Brief descriptive captions
*-*-*

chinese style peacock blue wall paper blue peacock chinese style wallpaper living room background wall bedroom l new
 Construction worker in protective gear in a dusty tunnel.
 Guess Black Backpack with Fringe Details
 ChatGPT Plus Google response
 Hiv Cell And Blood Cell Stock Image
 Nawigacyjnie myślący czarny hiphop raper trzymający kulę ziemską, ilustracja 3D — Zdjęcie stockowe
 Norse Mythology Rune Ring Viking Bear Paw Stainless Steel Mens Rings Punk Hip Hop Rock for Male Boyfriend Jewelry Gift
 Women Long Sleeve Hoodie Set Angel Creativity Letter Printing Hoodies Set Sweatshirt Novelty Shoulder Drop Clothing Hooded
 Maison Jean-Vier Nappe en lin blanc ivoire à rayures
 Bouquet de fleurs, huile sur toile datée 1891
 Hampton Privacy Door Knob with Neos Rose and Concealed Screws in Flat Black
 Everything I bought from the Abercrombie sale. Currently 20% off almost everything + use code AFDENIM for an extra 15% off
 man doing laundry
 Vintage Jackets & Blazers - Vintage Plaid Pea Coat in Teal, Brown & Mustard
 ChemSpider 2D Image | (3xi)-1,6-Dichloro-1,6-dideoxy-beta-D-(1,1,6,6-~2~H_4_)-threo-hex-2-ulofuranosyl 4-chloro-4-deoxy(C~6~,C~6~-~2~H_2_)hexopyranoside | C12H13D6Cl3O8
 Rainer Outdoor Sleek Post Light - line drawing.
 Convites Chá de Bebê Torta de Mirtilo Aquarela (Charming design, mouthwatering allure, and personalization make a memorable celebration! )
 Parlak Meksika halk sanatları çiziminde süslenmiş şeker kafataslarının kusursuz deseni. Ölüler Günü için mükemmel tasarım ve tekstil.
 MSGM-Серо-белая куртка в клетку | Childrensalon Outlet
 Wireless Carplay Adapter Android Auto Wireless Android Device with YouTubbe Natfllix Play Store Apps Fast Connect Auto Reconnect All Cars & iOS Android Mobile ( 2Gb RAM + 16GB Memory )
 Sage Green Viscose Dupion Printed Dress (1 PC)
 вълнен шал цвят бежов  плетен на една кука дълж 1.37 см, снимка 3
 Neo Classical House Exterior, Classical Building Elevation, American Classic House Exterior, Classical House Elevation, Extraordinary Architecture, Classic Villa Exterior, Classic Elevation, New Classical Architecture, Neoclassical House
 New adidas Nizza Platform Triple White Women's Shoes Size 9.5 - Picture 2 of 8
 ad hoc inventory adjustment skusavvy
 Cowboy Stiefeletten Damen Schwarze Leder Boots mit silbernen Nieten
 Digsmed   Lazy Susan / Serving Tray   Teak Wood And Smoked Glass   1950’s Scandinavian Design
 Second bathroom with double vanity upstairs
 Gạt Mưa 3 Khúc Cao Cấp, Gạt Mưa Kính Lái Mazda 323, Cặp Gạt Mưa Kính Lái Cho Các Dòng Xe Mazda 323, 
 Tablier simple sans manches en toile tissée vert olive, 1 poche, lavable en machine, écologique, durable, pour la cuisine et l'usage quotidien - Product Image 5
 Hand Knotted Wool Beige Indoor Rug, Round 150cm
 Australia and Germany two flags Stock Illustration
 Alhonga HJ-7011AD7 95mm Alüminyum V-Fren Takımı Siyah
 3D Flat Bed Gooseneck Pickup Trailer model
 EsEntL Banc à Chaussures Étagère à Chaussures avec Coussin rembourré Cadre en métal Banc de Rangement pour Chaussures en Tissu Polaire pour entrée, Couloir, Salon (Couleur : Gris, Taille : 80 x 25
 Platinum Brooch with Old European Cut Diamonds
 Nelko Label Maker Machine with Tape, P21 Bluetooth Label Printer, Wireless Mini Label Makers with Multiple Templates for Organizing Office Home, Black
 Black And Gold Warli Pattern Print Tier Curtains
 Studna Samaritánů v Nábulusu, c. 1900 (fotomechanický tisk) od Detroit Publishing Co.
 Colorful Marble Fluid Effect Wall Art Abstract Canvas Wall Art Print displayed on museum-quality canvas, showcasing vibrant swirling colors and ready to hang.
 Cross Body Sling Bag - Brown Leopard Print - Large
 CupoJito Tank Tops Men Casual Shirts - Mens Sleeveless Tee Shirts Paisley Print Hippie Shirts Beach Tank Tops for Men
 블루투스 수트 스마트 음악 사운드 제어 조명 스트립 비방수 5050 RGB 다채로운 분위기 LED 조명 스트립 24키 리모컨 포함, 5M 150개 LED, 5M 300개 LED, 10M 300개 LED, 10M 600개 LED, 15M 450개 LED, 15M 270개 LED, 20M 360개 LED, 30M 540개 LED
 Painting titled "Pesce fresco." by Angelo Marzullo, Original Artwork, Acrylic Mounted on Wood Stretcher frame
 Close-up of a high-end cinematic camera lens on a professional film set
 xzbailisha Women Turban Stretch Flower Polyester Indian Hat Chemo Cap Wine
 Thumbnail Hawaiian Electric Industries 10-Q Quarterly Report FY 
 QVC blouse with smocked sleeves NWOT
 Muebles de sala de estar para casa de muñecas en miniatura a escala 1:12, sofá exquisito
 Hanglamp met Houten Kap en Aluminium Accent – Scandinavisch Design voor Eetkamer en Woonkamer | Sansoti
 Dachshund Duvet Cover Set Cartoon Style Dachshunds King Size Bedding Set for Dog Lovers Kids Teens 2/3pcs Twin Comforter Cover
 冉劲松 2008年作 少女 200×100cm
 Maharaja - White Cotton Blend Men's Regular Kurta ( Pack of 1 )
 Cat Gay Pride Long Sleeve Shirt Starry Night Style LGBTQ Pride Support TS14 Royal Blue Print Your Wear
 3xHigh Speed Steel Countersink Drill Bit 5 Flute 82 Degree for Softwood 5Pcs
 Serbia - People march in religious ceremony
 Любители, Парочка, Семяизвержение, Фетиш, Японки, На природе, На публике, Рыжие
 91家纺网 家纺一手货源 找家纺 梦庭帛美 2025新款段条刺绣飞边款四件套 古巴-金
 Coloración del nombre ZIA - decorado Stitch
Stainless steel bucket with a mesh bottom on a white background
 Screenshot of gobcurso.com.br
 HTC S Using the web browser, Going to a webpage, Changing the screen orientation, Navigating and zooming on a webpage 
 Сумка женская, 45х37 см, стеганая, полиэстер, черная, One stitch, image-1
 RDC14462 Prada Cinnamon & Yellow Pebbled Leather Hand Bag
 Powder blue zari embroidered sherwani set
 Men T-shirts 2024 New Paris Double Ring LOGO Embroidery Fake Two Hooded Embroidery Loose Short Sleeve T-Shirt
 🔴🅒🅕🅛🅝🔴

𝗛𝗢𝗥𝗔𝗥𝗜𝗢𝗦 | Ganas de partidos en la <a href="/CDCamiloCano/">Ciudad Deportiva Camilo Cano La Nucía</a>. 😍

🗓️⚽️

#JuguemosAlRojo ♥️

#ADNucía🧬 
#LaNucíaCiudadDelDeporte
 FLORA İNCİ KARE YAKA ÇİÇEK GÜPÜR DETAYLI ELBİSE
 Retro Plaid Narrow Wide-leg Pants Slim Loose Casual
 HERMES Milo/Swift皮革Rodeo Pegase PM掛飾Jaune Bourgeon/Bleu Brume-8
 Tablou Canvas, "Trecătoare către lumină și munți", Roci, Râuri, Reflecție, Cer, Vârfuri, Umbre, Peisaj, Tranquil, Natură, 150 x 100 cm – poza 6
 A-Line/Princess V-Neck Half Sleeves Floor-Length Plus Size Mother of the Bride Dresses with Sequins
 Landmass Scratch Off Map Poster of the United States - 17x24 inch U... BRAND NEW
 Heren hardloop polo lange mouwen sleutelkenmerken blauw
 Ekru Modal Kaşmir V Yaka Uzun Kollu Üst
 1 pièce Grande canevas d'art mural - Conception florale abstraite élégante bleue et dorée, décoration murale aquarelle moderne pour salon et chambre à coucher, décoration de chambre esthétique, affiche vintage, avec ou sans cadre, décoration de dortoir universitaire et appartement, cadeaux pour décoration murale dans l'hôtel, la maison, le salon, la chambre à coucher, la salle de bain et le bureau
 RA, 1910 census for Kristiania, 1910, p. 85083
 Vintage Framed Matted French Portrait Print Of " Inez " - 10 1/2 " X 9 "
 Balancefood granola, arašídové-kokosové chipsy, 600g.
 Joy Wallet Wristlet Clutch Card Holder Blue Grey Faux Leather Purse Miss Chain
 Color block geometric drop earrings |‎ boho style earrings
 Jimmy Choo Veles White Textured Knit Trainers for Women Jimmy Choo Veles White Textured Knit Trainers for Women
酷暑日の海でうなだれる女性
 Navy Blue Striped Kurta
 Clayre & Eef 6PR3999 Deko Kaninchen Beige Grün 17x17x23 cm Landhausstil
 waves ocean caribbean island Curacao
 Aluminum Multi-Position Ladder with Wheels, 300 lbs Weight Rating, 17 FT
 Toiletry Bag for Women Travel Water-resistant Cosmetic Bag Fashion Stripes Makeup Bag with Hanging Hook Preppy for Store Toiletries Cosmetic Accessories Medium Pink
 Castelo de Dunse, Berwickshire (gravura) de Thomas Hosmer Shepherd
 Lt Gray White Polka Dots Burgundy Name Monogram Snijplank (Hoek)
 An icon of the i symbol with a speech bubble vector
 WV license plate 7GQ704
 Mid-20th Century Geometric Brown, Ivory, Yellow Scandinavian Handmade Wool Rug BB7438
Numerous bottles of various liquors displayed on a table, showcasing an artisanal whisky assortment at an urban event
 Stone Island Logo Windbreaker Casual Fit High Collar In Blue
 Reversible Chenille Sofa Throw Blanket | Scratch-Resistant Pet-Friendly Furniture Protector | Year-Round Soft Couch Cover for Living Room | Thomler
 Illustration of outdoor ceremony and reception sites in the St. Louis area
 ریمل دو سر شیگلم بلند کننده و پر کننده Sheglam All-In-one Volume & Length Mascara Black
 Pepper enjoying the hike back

*-*-*

**How to complete this task:** Beginning at the line with "Alhonga HJ-7011AD7 95mm" and stopping after the line with "EsEntL Banc à", please write out every line of the data above exactly and nothing else.

**Answer section:**
 Alhonga HJ-7011AD7 95mm Alüminyum V-Fren Takımı Siyah
 3D Flat Bed Gooseneck Pickup Trailer model
 EsEntL Banc à Chaussures Étagère à Chaussures avec Coussin rembourré Cadre en métal Banc de Rangement pour Chaussures en Tissu Polaire pour entrée, Couloir, Salon (Couleur : Gris, Taille : 80 x 25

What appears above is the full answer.